Forse il cambiamento più evidente per la maggior parte degli utenti è che nell’esperienza dell’app cliente (web, dispositivi mobili e desktop), Claude sarà improvvisamente meno incline a conversazioni concluse perché sono durate troppo a lungo. Il miglioramento della memoria all’interno di una singola conversazione si applica non solo all’Opus 4.5, ma agli attuali modelli cloud dell’app.

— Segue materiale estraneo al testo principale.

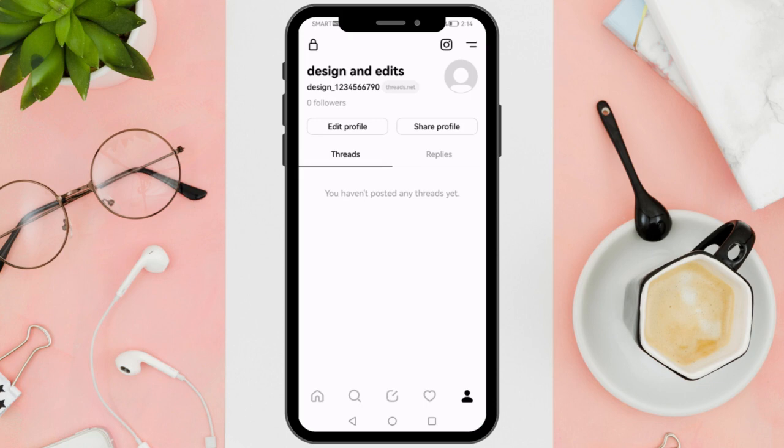First things first, Threads does not have the option for dark mode just yet. But if your device has the dark mode option, you can use that instead.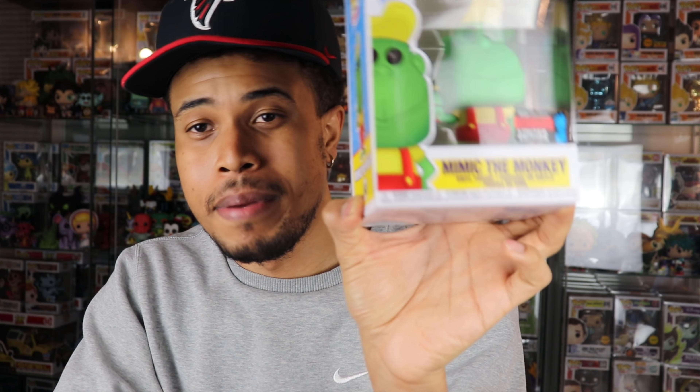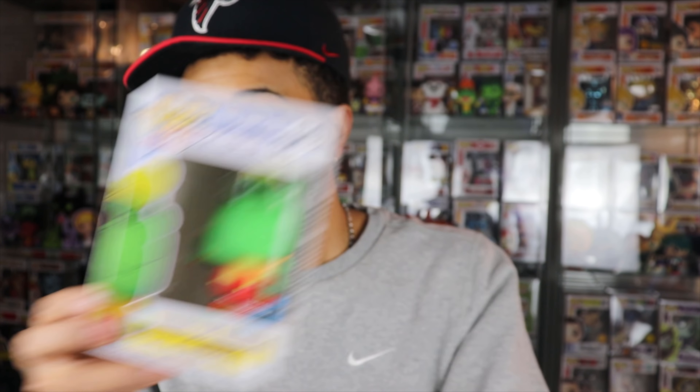Here's the first unprotected pop — this is an Ad Icon I didn't get: Mimic the Monkey, a New York City Comic-Con shared exclusive from Pez. I think he's shared with GameStop or maybe the Funko Shop. I didn't get Pez Girl either — I did get Peter Pez when they dropped at San Diego. Pop Price Guide has him going for $15, shared with the Funko Shop. I didn't pick this one up, but I'm really excited to add it to my Ad Icon collection — always nice to get a cool non-grail pull in these boxes.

Gli utenti che terminano bruscamente (nonostante abbiano spazio rimasto nella sessione e budget di utilizzo settimanali) si trovano in una finestra di contesto difficile (200.000 token). Mentre alcune implementazioni di modelli linguistici di grandi dimensioni iniziano a eliminare i messaggi precedenti dal contesto solo quando una conversazione supera il limite massimo nella finestra, Cloud termina semplicemente la conversazione invece di consentire all’utente di sperimentare una conversazione sempre più sconnessa in cui il modello inizierà a dimenticare le cose in base alla sua età.

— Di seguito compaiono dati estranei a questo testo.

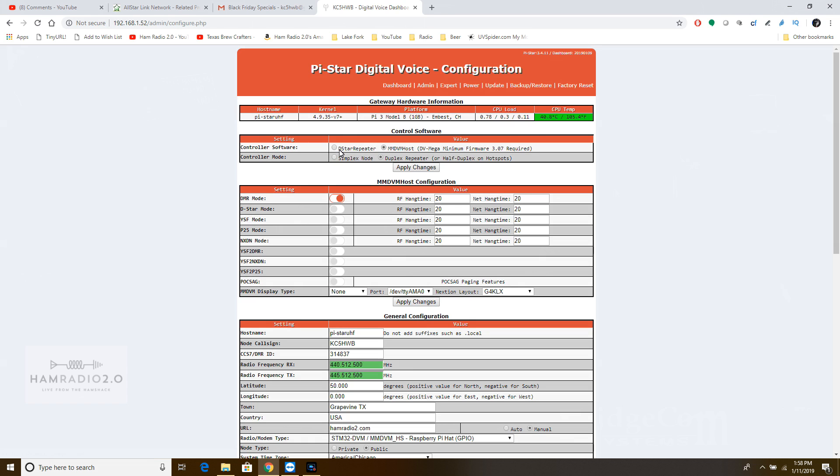There's also one for D-Star Repeater — we could set it up as a D-Star Repeater, or as YSF, P25, and XDN. All this kind of good stuff. But of course, we're going to do DMR, because that's what I like to do.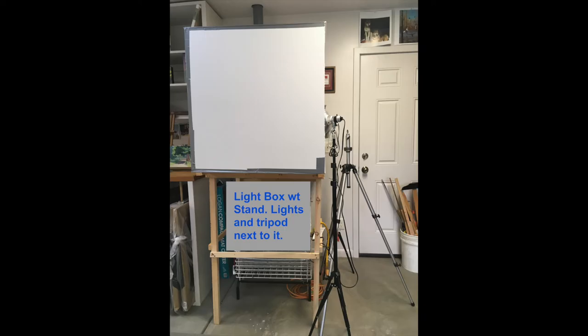Here's the light box on its stand. You can also see the lights on their stands, plus the tripod.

Ora, Claude seguirà invece un processo dietro le quinte per riassumere i punti chiave delle parti precedenti della conversazione, cercando di scartare ciò che ritiene estraneo mantenendo ciò che è importante.

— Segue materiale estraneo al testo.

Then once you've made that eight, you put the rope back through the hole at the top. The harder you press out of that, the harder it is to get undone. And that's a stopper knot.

Gli sviluppatori che chiamano l’API di Anthropic possono utilizzare gli stessi principi attraverso la gestione del contesto e la compattazione del contesto.
Prestazioni dell’Opus 4.5
Opus 4.5 è il primo modello a superare un punteggio di precisione dell’80%, in particolare l’80,9% sul benchmark SWE-Bench Verify, battendo di poco il GPT-5.1-Codex-Max di OpenAI recentemente rilasciato (77,9%) e Gemini 3 Pro di Google (76,2%). Il modello si comporta particolarmente bene sui benchmark Agentic Coding e Agentic Tool Usage, ma è ancora in ritardo rispetto a GPT-5.1 in Visual Reasoning (MMMU).